For the entries below, print exactly the lines between the line holding "Used 2022 Subaru" and the line holding "Dream Bright Exfoliating", inclusive, and nothing else.

Data for review
-------

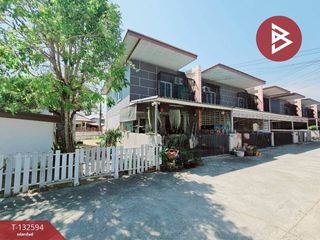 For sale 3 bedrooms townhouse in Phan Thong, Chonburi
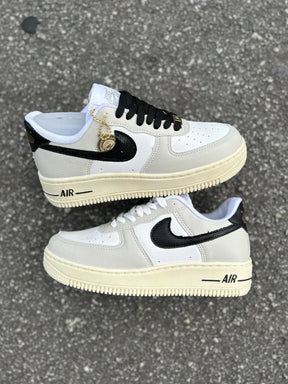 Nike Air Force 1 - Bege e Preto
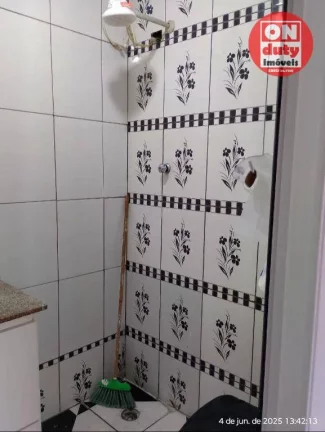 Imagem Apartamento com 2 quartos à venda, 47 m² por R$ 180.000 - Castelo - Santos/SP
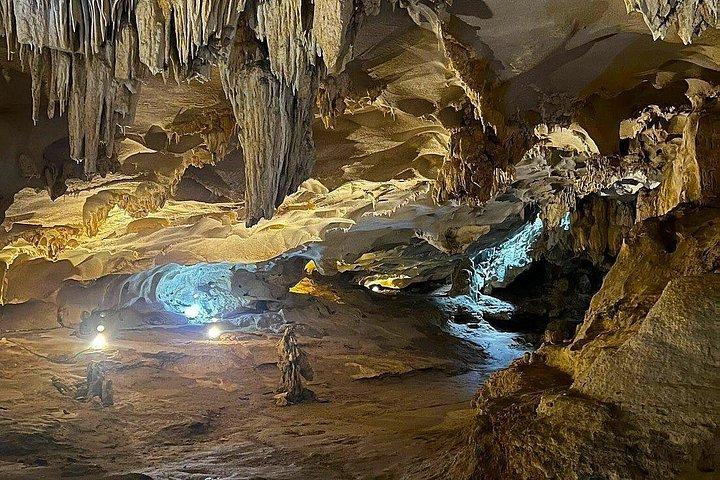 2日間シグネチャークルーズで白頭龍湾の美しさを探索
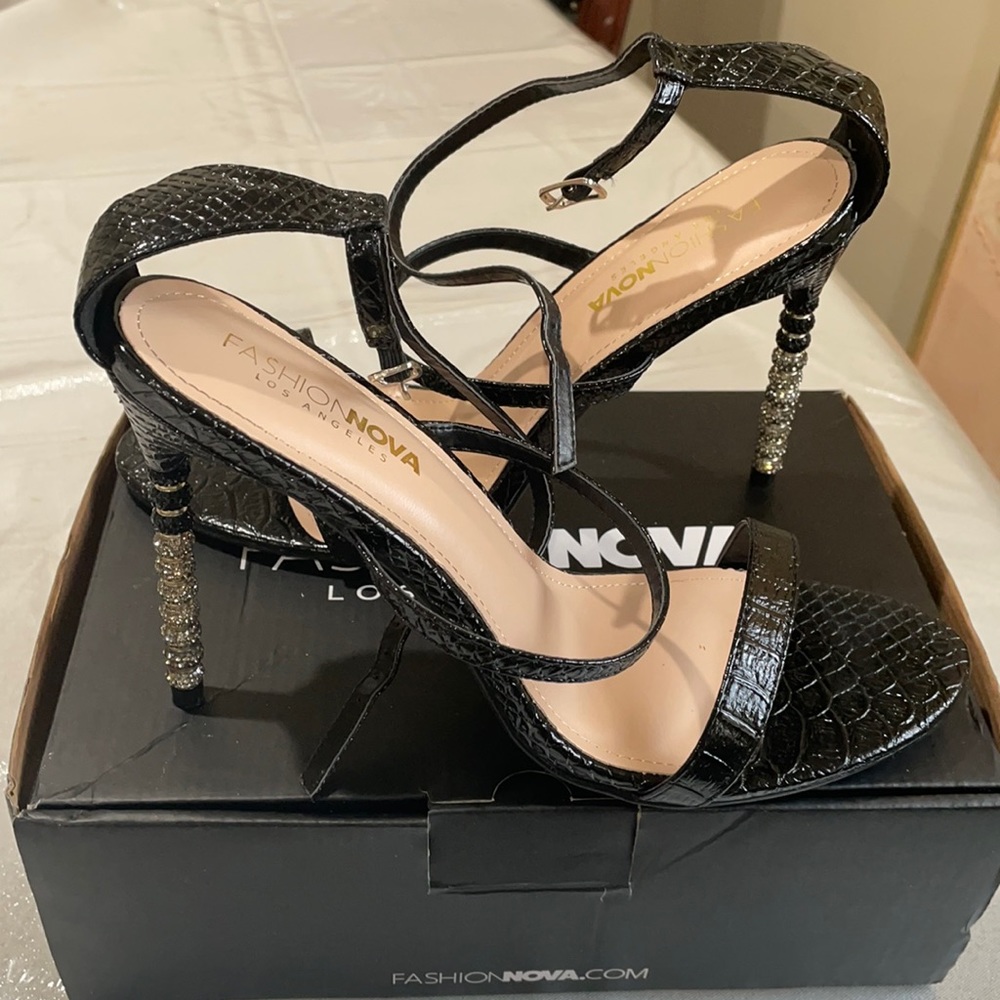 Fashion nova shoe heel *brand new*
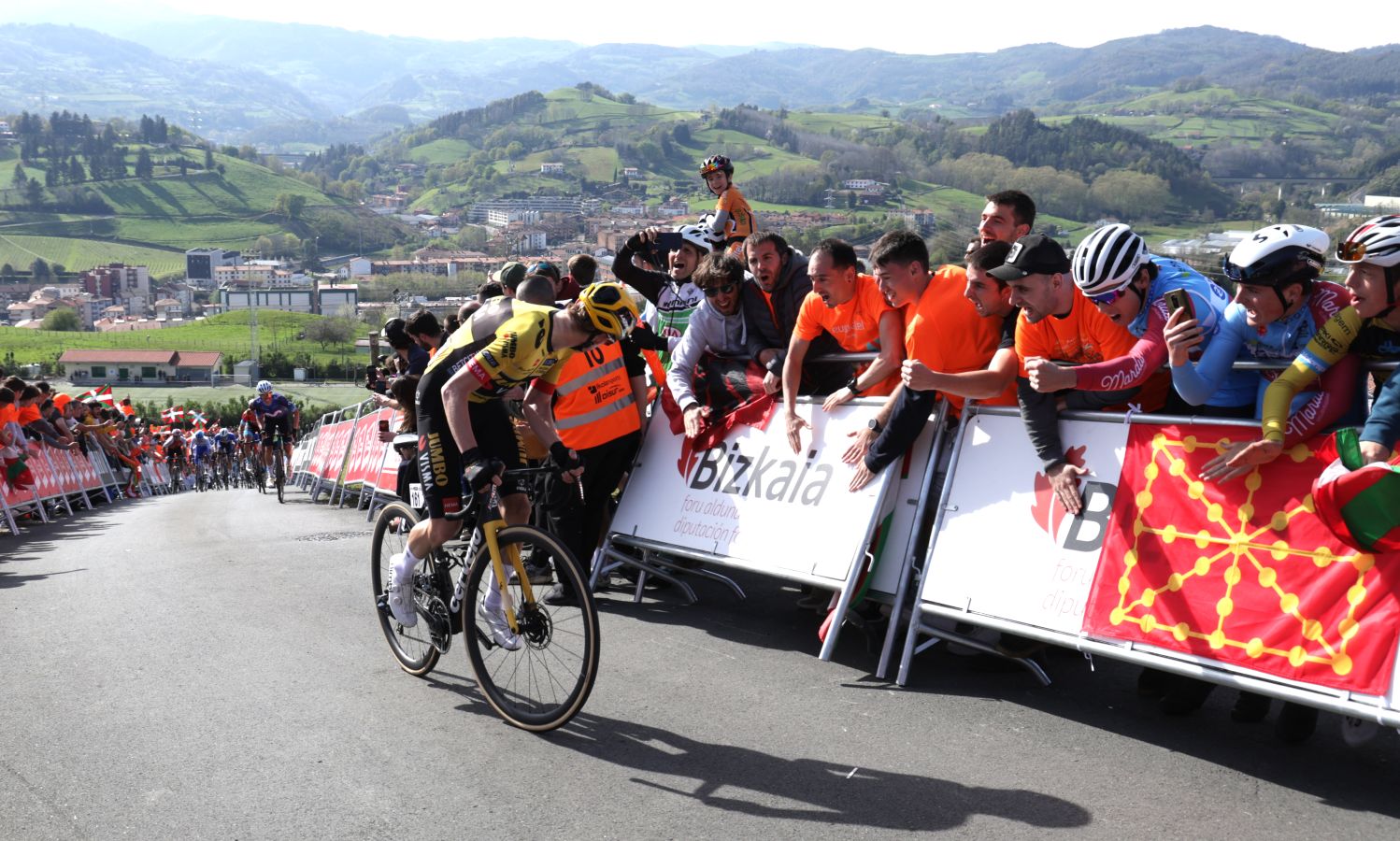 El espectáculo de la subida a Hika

-------

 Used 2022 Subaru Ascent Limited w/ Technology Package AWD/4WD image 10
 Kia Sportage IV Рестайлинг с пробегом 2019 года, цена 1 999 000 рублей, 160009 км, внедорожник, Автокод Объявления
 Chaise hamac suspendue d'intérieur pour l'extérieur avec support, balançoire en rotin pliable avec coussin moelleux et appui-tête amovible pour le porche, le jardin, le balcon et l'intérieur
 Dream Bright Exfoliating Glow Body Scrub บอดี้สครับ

-------

Result of the task
 Used 2022 Subaru Ascent Limited w/ Technology Package AWD/4WD image 10
 Kia Sportage IV Рестайлинг с пробегом 2019 года, цена 1 999 000 рублей, 160009 км, внедорожник, Автокод Объявления
 Chaise hamac suspendue d'intérieur pour l'extérieur avec support, balançoire en rotin pliable avec coussin moelleux et appui-tête amovible pour le porche, le jardin, le balcon et l'intérieur
 Dream Bright Exfoliating Glow Body Scrub บอดี้สครับ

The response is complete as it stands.